The part of me that luxuriated in solitude is the same part that is now resisting the tug of the world as many parts swing their doors open again. Maybe, if we’re being honest, there’s a little wiggle of worry about what happens next.
But whether you’re dragging your feet—or perhaps desperate to get out again—you’ll be fine. You’ll be even better than you think. Here’s how I know:
1. You didn’t forget.
It makes for a funny comedy sketch on Saturday Night Live: The awkward couples at a BBQ, saying all the wrong things. But I trust in your ability to communicate, and so should you. Linguistics experts say that you don’t “lose” language that fast. There are complicating factors, like if you’re also trying to learn another language. Did you spend the past year fully immersed in Swahili or Old Norse? Me neither.
If I took your phone away for a year, you’d need all of one minute to remember where everything was when I gave it back. And you aren’t hardwired to use an iPhone. You have had decades of practice being human, however. You had it pretty much figured out at age seven. And you didn’t lose it while you binged two seasons of The Crown.
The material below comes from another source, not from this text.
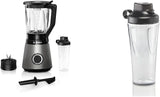 Bosch Standmixer Vitapower Serie 4 MMB6174SN, Verbesserte Versie, Hoge Edelstahl-Klingen, 1,5L Glasbehälter, 0,6L To-Go-Flasche, Spülmaschinenfeste Teile, 30.000 U/Min, 1200 W, Silber Bucatarie Naty Shop Bundle Mit Flasche 0,6 L 2-In-1, Neu Met 10 Jahre Motorgarantie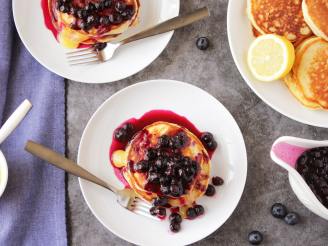 Lemon Ricotta Pancakes With Warm Blueberry Compote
2. We weren’t really cut off.
We had the internet—a wireless umbilical cord through which we suck an unceasing and simultaneous feed. We all know when a celebrity dies, what the president just said, and the latest on who Jennifer Lopez is dating. We may not have crammed into bars and restaurants this year, but we basically all had the same dreams, sponsored by Netflix/Hulu/Amazon/HBO.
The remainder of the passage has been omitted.